MeetUp is like Facebook

In this article, I use "MeetUp" (CamelCase) to refer exclusively to meetups on MeetUp.com. I will continue to attending Less Wrong meetups, SSC meetups and so on. I also plan to continue using MeetUp.com to meet locals when traveling. This post is concerned with attending MeetUps as a local.


I added MeetUp.com to my website blocker today. It all started two weeks ago when I was leading a hiking MeetUp. I had hoped to meet interesting people. The people I was hiking were so boring they literally cascaded me into the Dark Night of the Soul for the first time. Going hiking with these people somehow managed to be less interesting than sitting motionless in silence while staring at a blank wall.

The hike was productive in the sense that it brought me closer to Universal Truth. It was a waste of time in the sense that I didn't make any friends. This isn't unusual. I have never made a new friend at a MeetUps. It is not for lack of trying. I have participated in language exchange MeetUps, technical MeetUps, spiritual MeetUps, outdoors MeetUps, lockpicking MeetUps and educational MeetUps. I have attended MeetUps, founded MeetUp groups and organized events for established MeetUp groups. I have attended MeetUp group regularly and bounced around. I have never, in several years of using MeetUp, made a long-term friend via the platform.

MeetUp.com generates fewer friends for me per unit time invested than social dancing, sports, camping, drawing clubs, conversation exchange, dinner parties, Less Wrong meetups in meatspace, SSC meetups in cyberspace and even blogging.

MeetUp is supposed to be an efficient way of making friends. MeetUp.com is actually an awful way of making friends. MeetUp.com suffers from the same problem as legible cities. The top-down design homogenizes everything.

It's hard to design a utopia that isn't a dystopia because top-down design imposes homogeneity. Homogeneity is dystopic. Eutopia (a society that maximizes fun) is dishomogeneous. You never know what's on the other side of the mountain.

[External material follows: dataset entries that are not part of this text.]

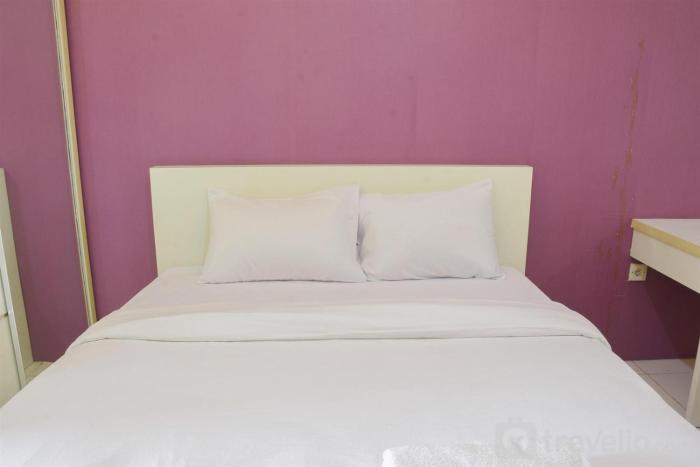Homey and Simply Studio Room at Kebagusan City Apartment By Travelio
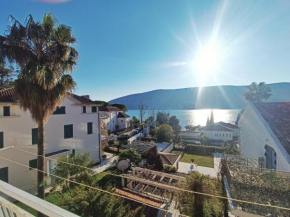 The Golden Hour, Herceg Novi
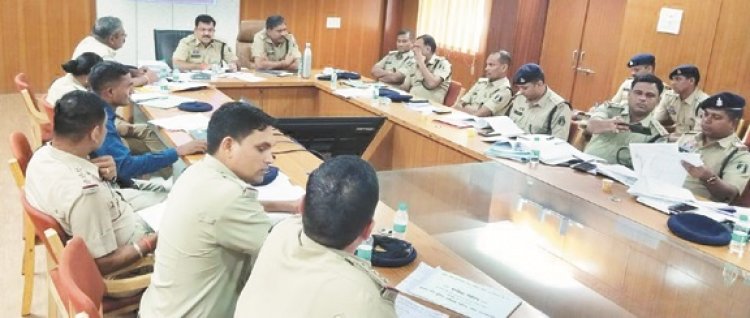 एसपी ने दीपावली पर अपराध नियंत्रण के लिए ली बैठक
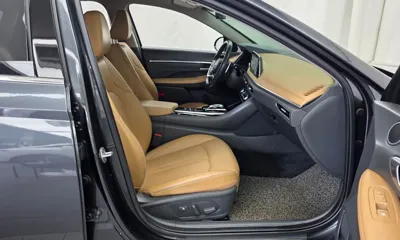 Hyundai Sonata 2023, 61689 км, за 21020.64 USD - фото 11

Mediums overpower messages. On MeetUp.com, the medium is an event posting. Organizers get one image, a time, a location and a block of text. Individual groups cannot express themselves through branding. They can't even use hyperlinks. MeetUp groups have less creative freedom than the ads in a physical newspaper. They are stuck with MeetUp.com's corporate branding.

Environmental context is really important when you're creating a community. When I hosted the Seattle Robot Cult, everyone reading about it instantly understood that this would be a savage no-nonsense no-excuses club of stubborn tenacious people. Because I put it on top of a mountain.